Provided data:

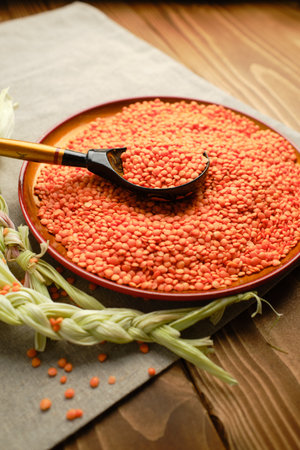 A vertical shot of a plate full of red lentils with a wooden spoon on a white paper towelの写真素材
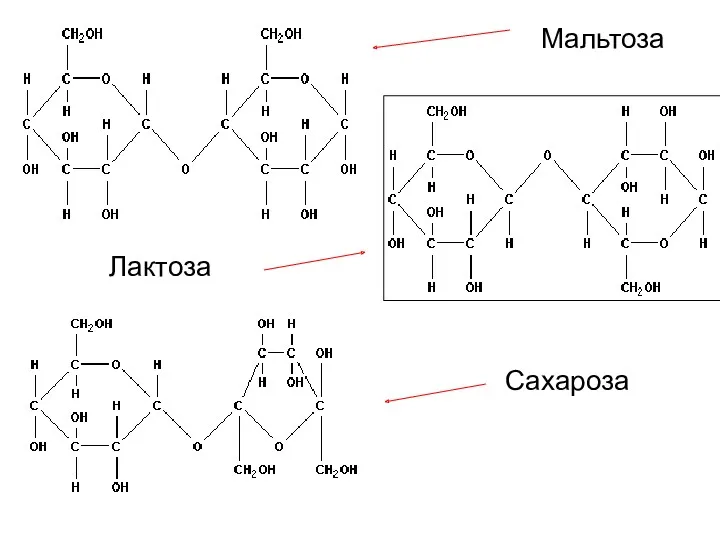 Мальтоза Лактоза Сахароза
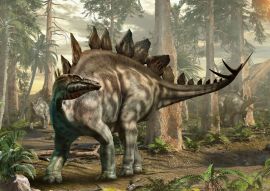 Lais Puzzle - Stegosaurus Dinosaurier - 100, 200, 500 & 1.000 Teile
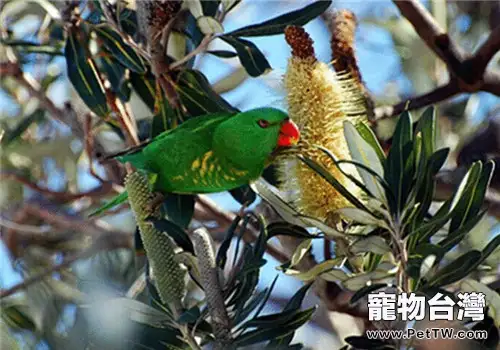 鱗胸吸蜜鸚鵡的品種簡介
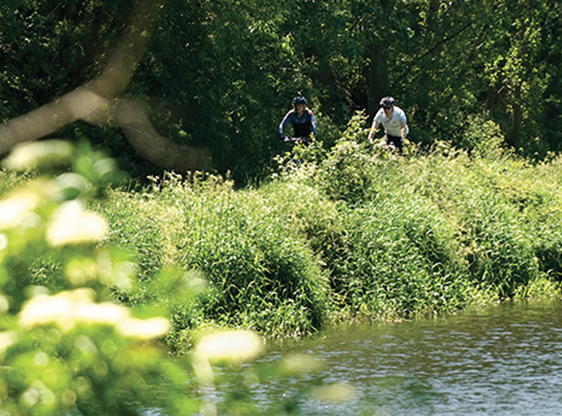 Towpath - Woodbrook, Lisburn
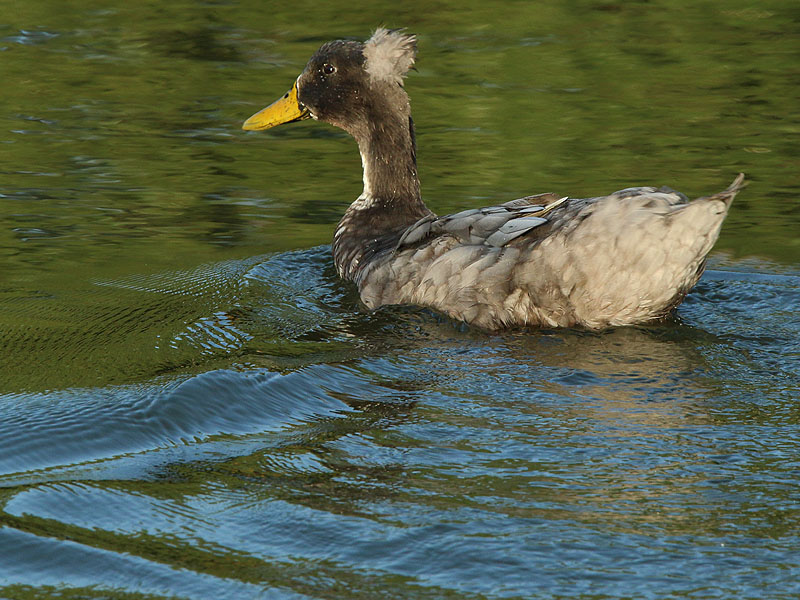 A Crested Duck—another domestic duck descended from Mallards.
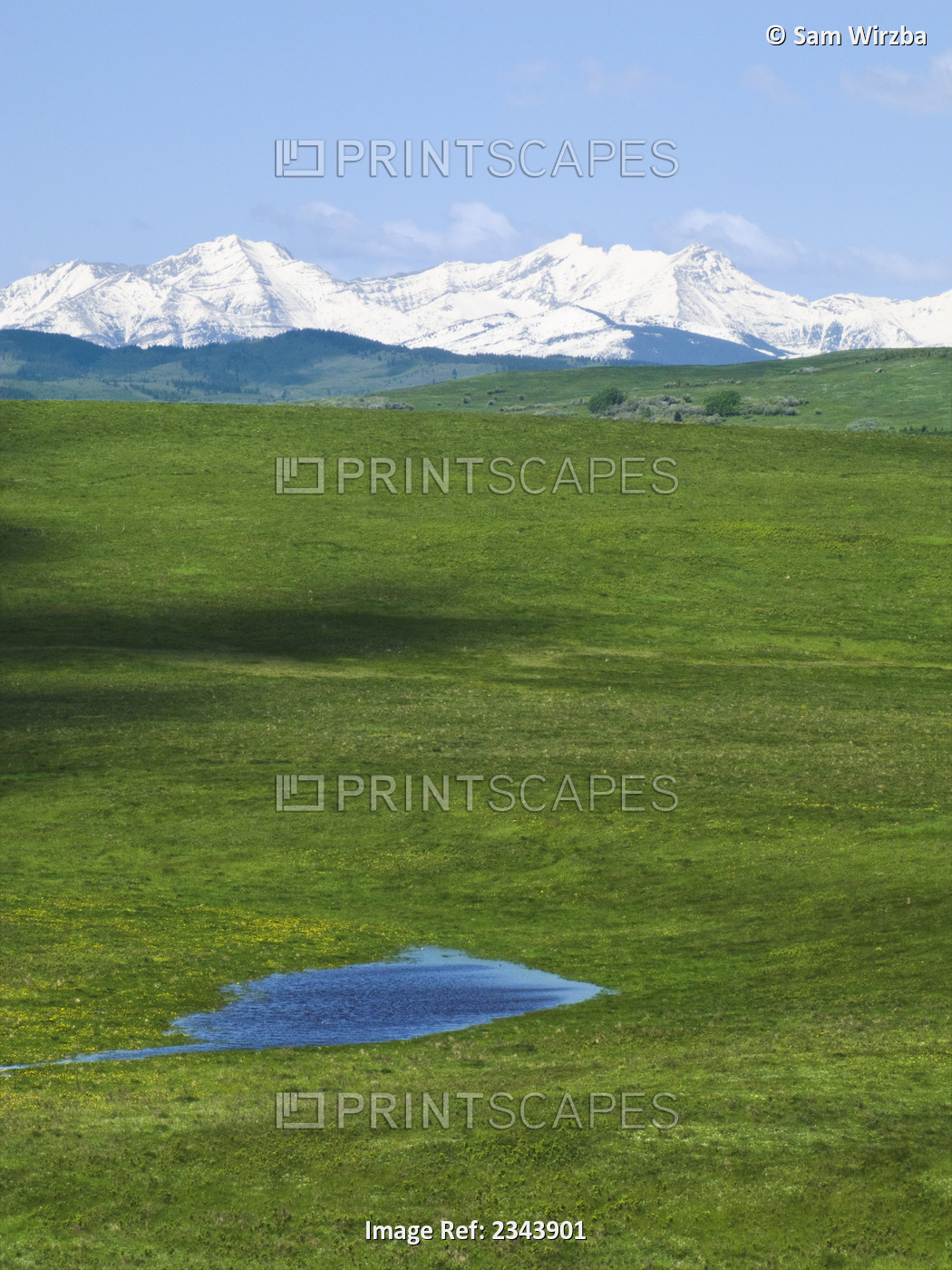 Livestock - Prairie pothole on native rangeland with the snow covered Canadian ...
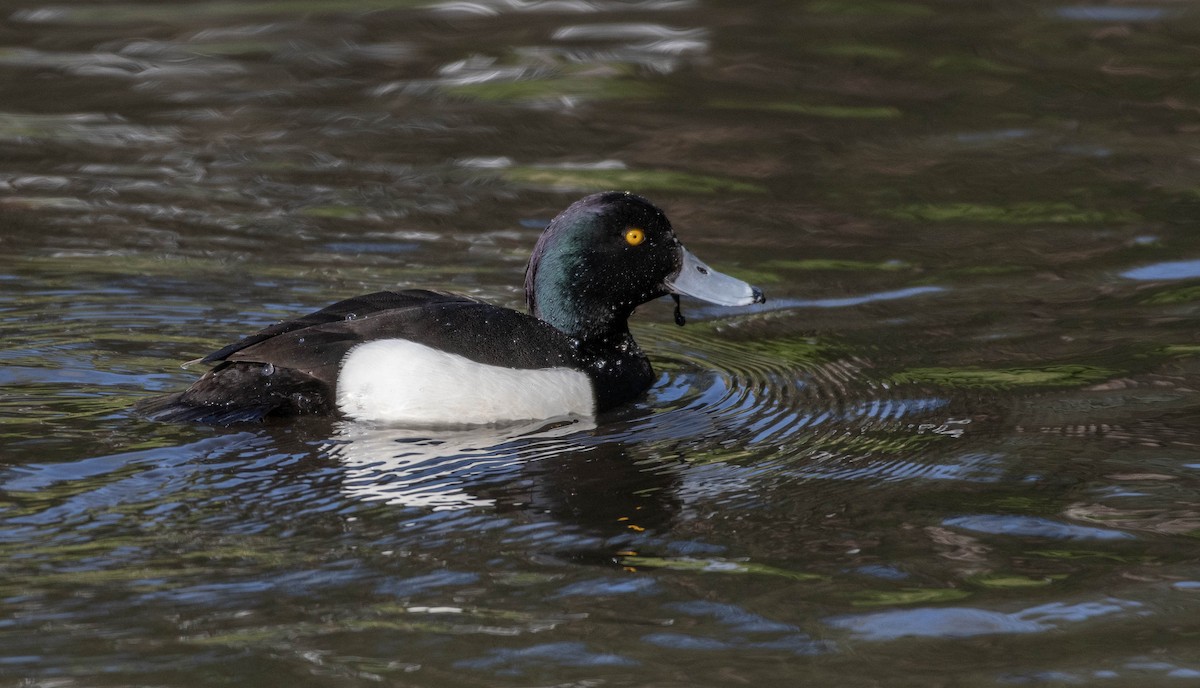 Tufted Duck - ML617647280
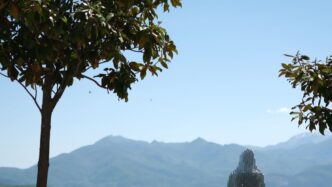 Fornelli In Molise Diventa Il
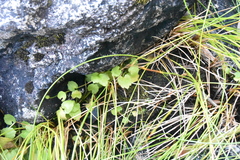 Halerpestes cymbalaria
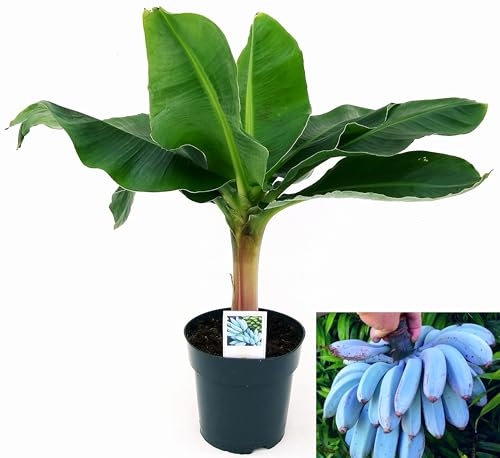 POWERS TO FLOWERS - BANANO A FRUTTO BLU, (BLUE JAVA) VASO 17CM, PIANTA DEL BANANO, pianta vera
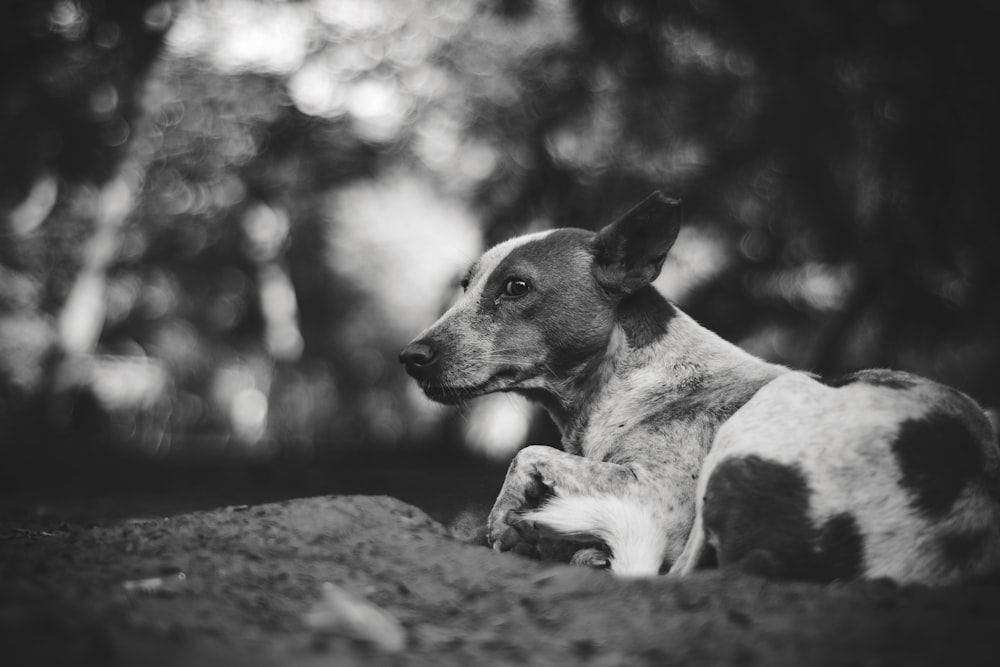 short-coated white dog lying on gray sand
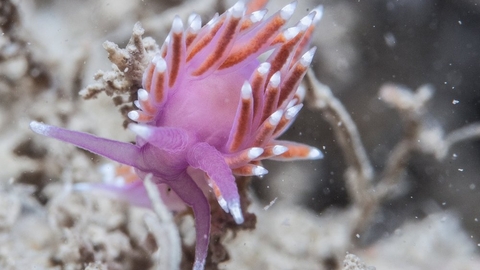 Violet Sea Slug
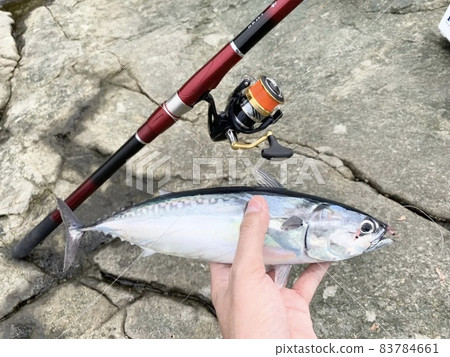 Auxis, Marusoda, Skipjack, 籃釣, 海上垂釣, 岩岸垂釣 83784661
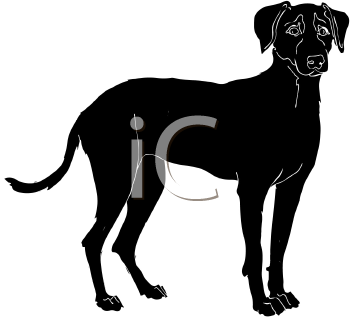 Pet Clipart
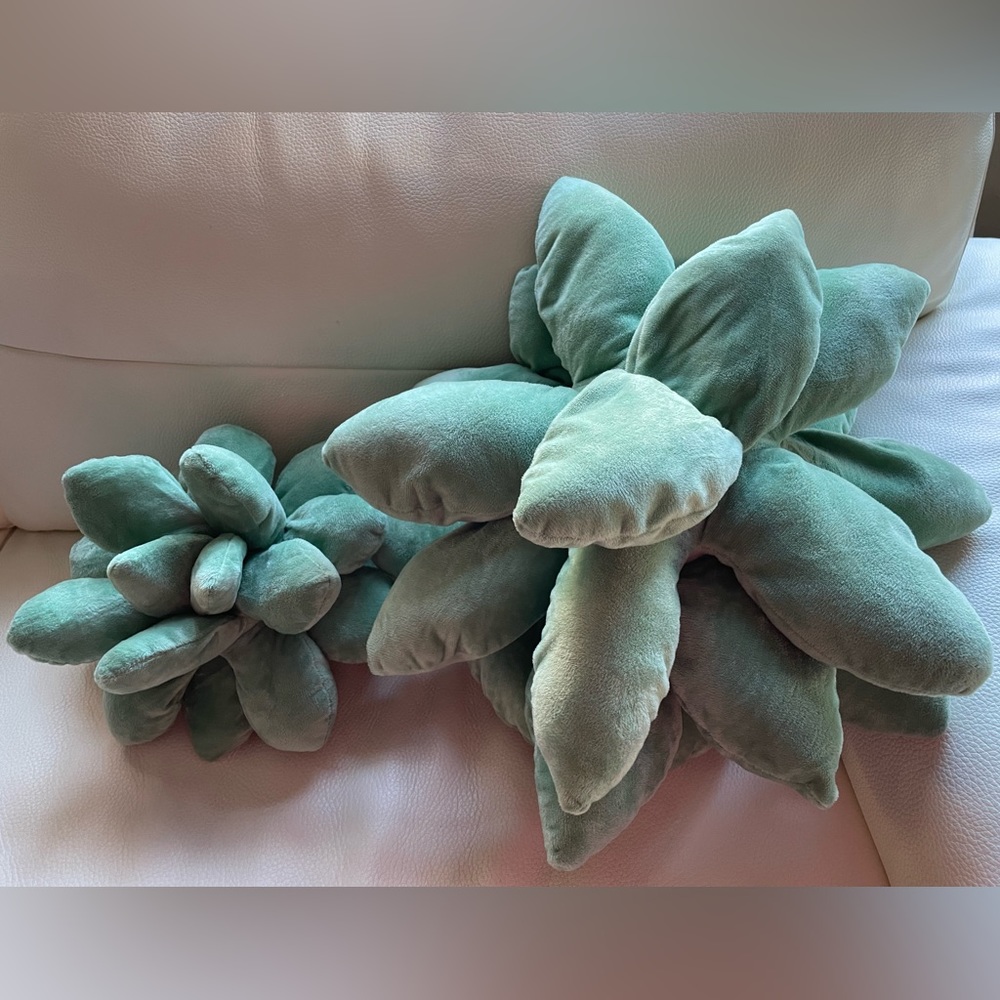 Succulent Pillow- Stuffed Plant Plush 3D Pillow- Set of  2. Very good condition!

Task prompt: Copy out each record shown above without alteration, skipping any picture.

Exercise solution:
 A vertical shot of a plate full of red lentils with a wooden spoon on a white paper towelの写真素材
 Мальтоза Лактоза Сахароза
 Lais Puzzle - Stegosaurus Dinosaurier - 100, 200, 500 & 1.000 Teile
 鱗胸吸蜜鸚鵡的品種簡介
 Towpath - Woodbrook, Lisburn
 A Crested Duck—another domestic duck descended from Mallards.
 Livestock - Prairie pothole on native rangeland with the snow covered Canadian ...
 Tufted Duck - ML617647280
 Fornelli In Molise Diventa Il
 Halerpestes cymbalaria
 POWERS TO FLOWERS - BANANO A FRUTTO BLU, (BLUE JAVA) VASO 17CM, PIANTA DEL BANANO, pianta vera
 short-coated white dog lying on gray sand
 Violet Sea Slug
 Auxis, Marusoda, Skipjack, 籃釣, 海上垂釣, 岩岸垂釣 83784661
 Pet Clipart
 Succulent Pillow- Stuffed Plant Plush 3D Pillow- Set of  2. Very good condition!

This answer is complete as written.